C'è poi il caso-Roma. «Dai dati di bilancio acquisiti dall'indagine si desume che il valore medio degli alloggi dell'Iacp di Roma è di 15.531 euro». Il patrimonio immobiliare complessivo dell'ente romano, che annova più di 65mila alloggi, supera così di pochissimo il miliardo di euro. In questi numeri si nasconde il rischio della vendita di case, anche di pregio, anche al centro della città, a prezzi stracciati. Una volta che gli immobili vengono registrati a bilancio con valori di carico molto bassi, è infatti inevitabile la loro scarsa rivalutazione. A ciò bisogna poi aggiungere che, spesso tra i meandri della legge e delle successive disposizioni regionali, è possibile svincolare gli alloggi dai limiti di non alienabilità.
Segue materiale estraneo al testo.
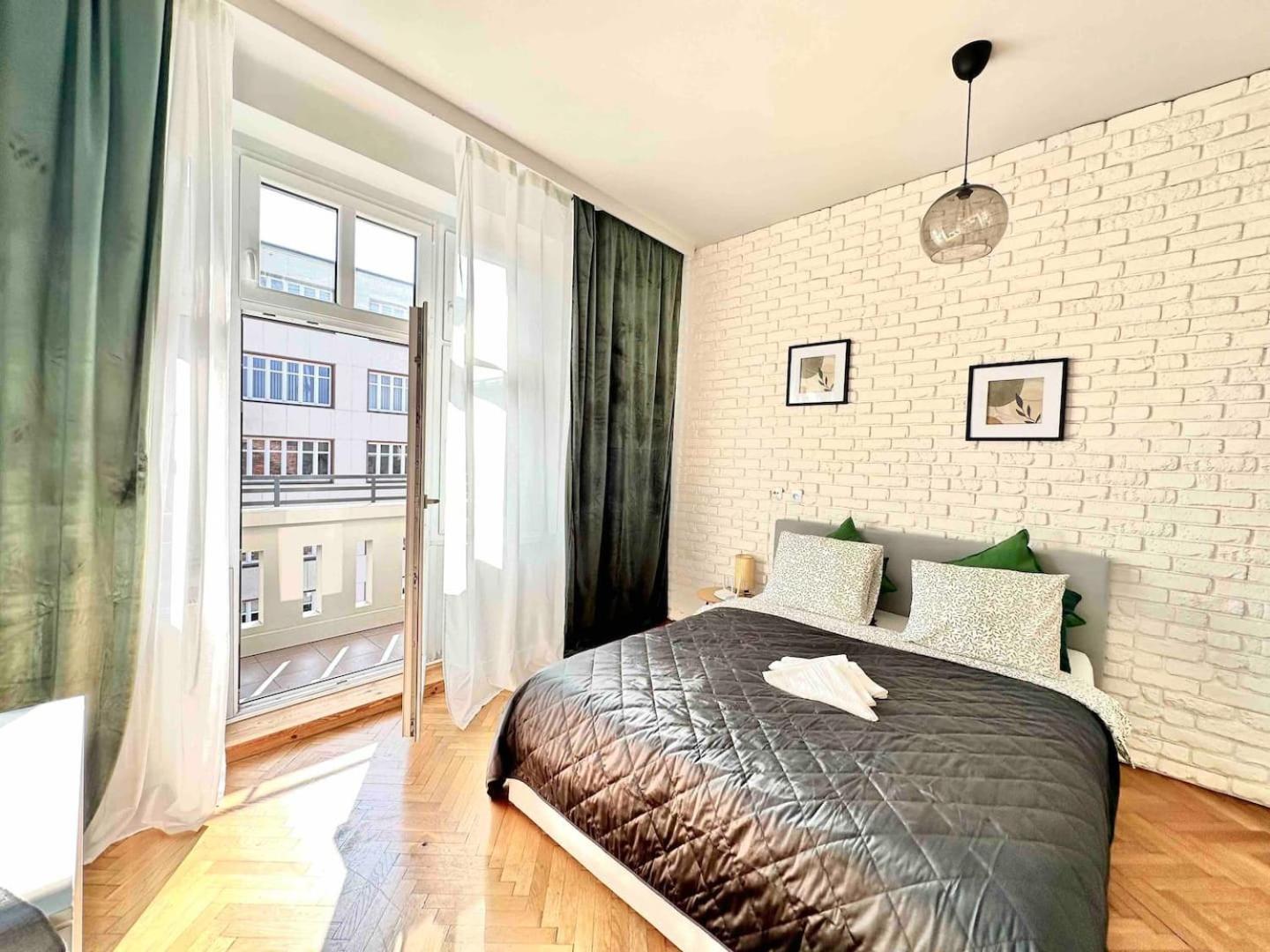 Kosciuszki P R I M E Suites Katowice Exteriör bild
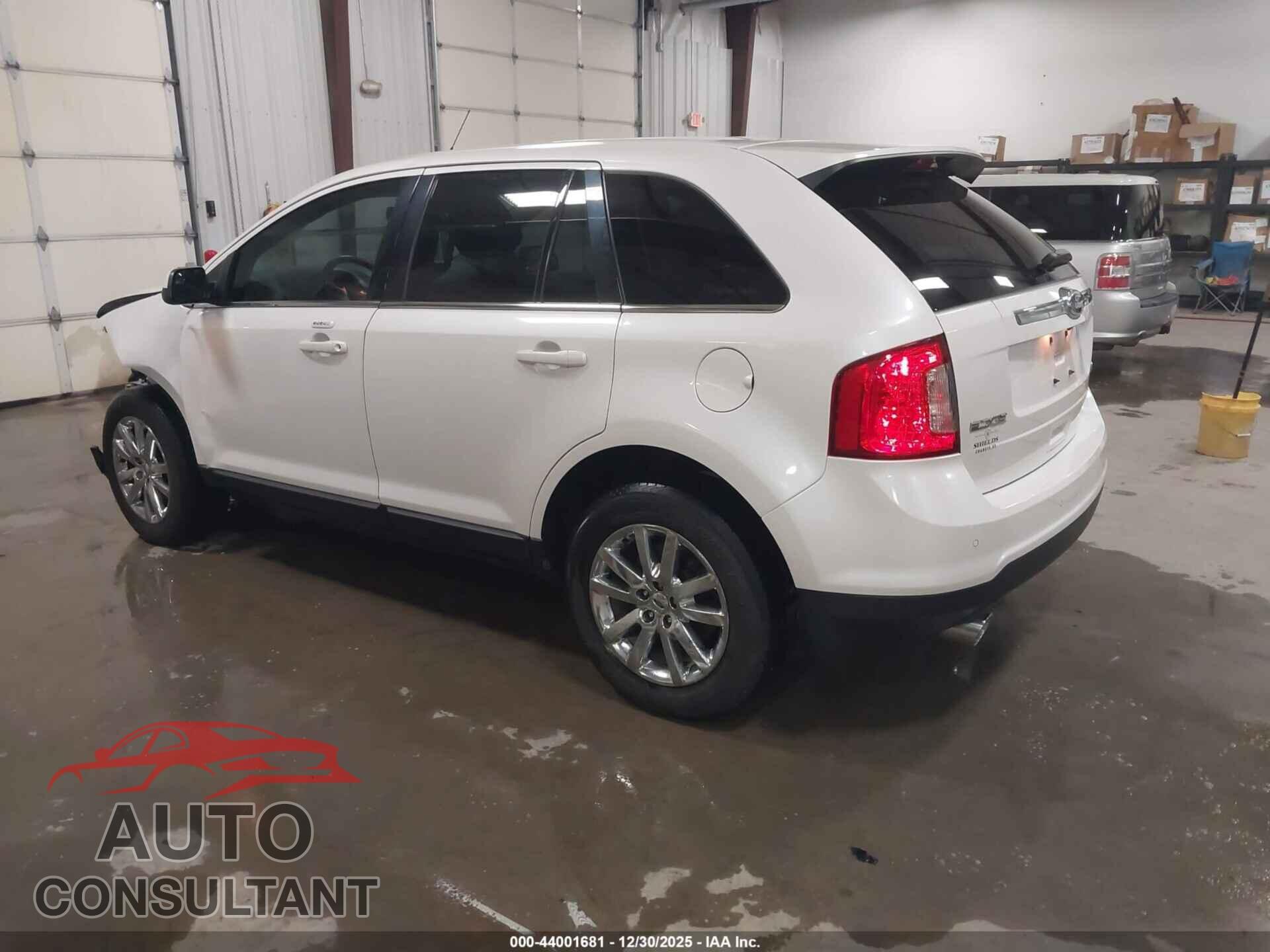 FORD EDGE 2014 - 2FMDK4KC4EBA24958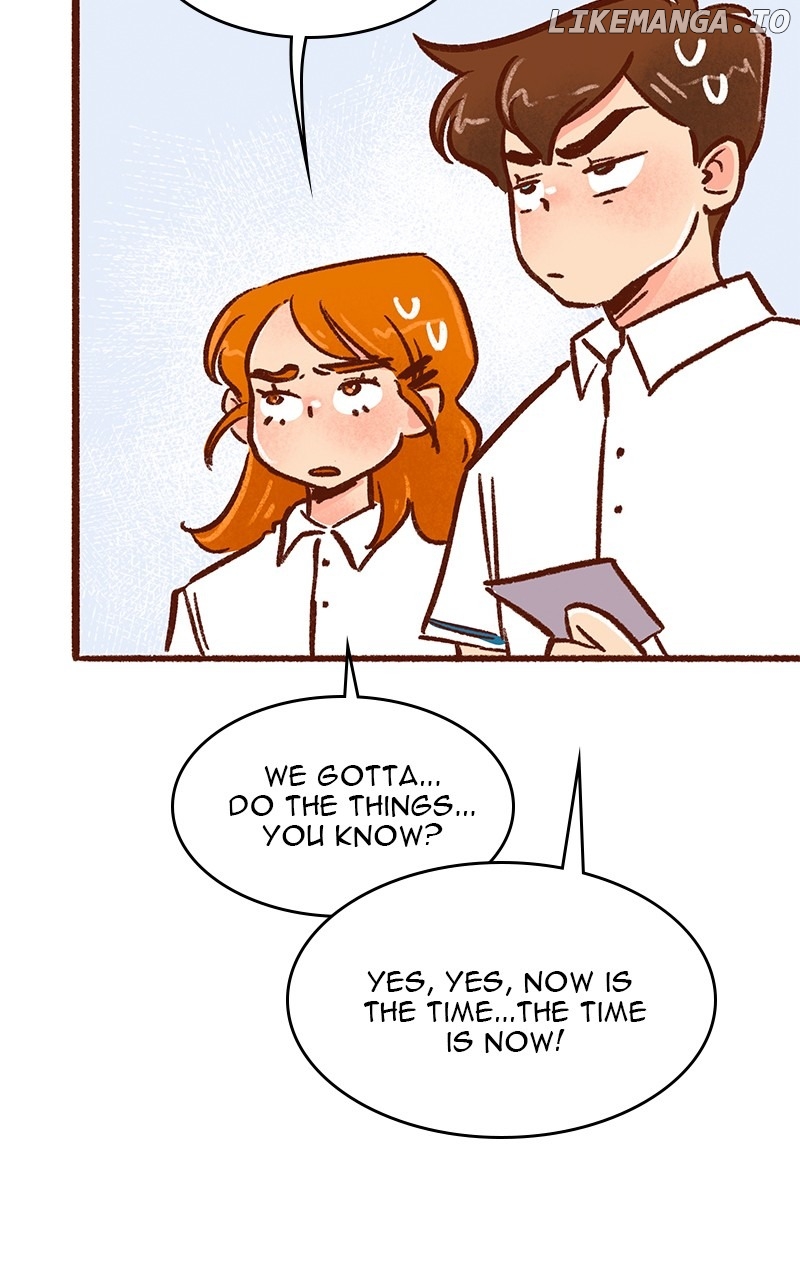 The Kiss Bet chapter 139 - page 26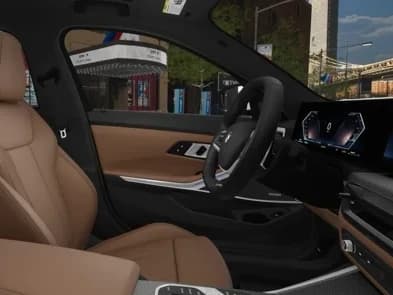 BMW 3 Series 330i xDrive Sedan 2026 — side view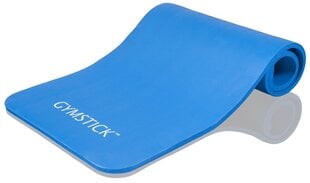 Võimlemismatt Gymstick NBR Comfort 160x60x1,5 cm, sinine price and information | Yoga mats | hansapost.ee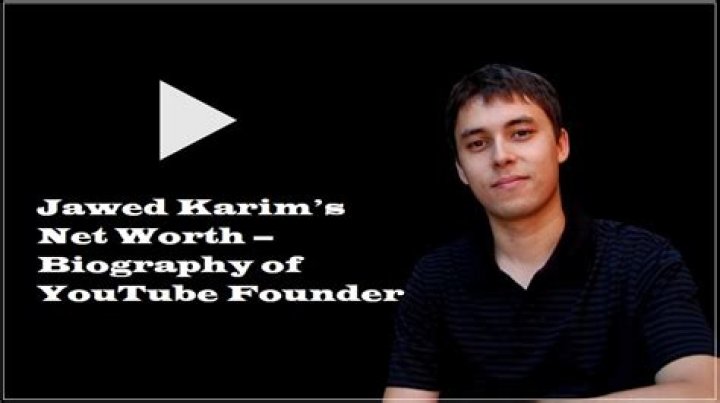Jawed Karim Net Worth  - Pulptastic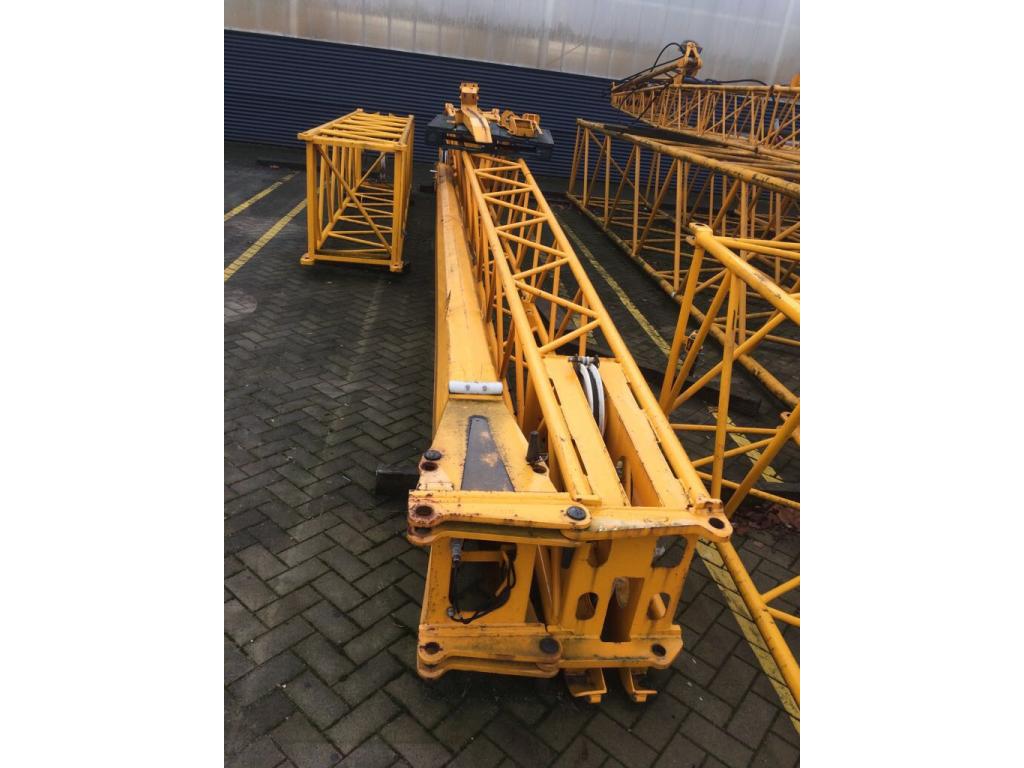 Grove GMK 4100-L JIB's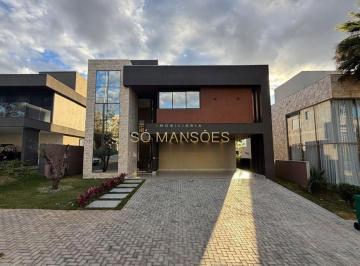 Casa · 365m² · Casa à Venda no Alphaville, Vespasiano/MG — 365m², 4 Suítes, Piscina Aquecida e 4 Vagas.
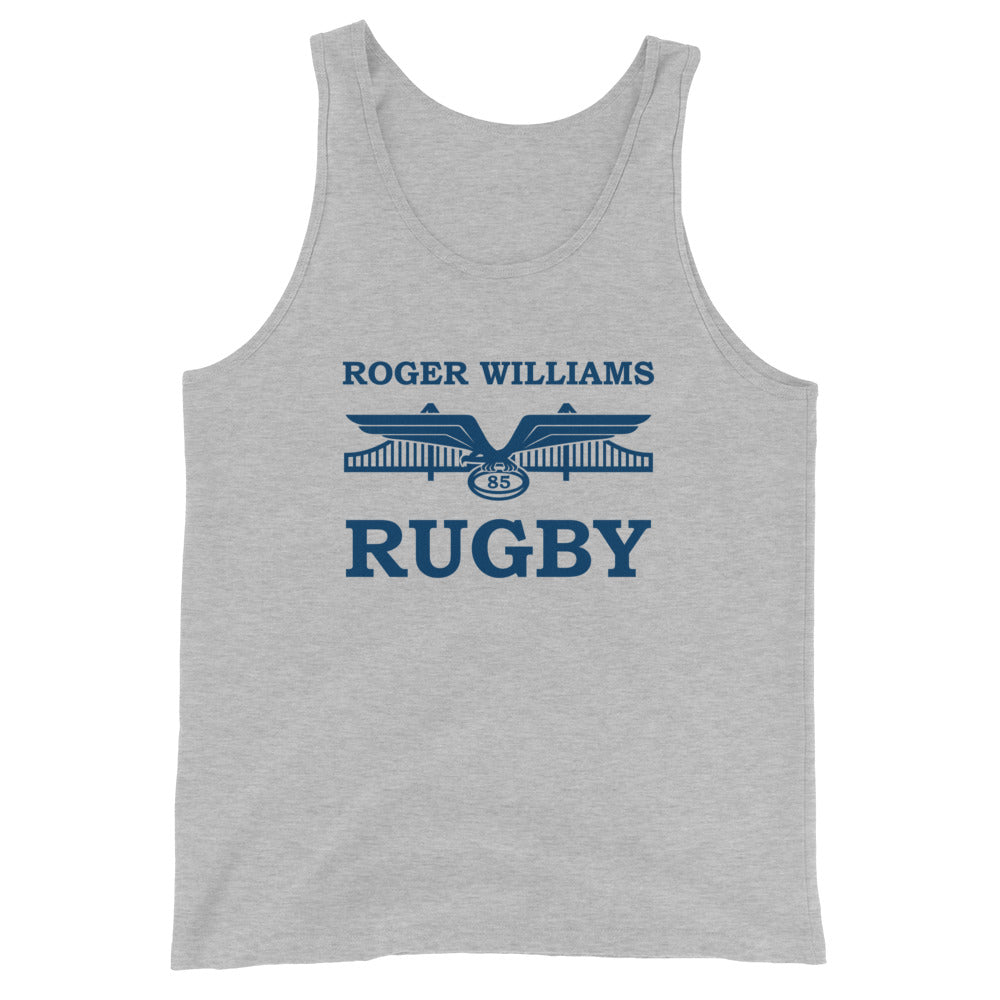 Rugby Imports Roger Williams RFC Social Tank Top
Con il risultato che, nel giro di qualche anno, un immobile venduto a prezzi stracciati, nell'ordine di qualche decina di migliaia di euro, viene rivenduto a prezzo di mercato (a centinaia di migliaia di euro).
La conferma di questo scarto si ottiene dai dati, riportati nell'indagine, delle dismissioni Iacp a Roma: gli immobili venduti sono stati poco più di 2.500 per un ammontare totale di circa 115 milioni di euro. Ne risulta che ogni singolo alloggio ha ricevuto una valutazione media di circa 46mila euro. Molto al di sotto delle quotazioni reali nel mercato immobiliare della capitale.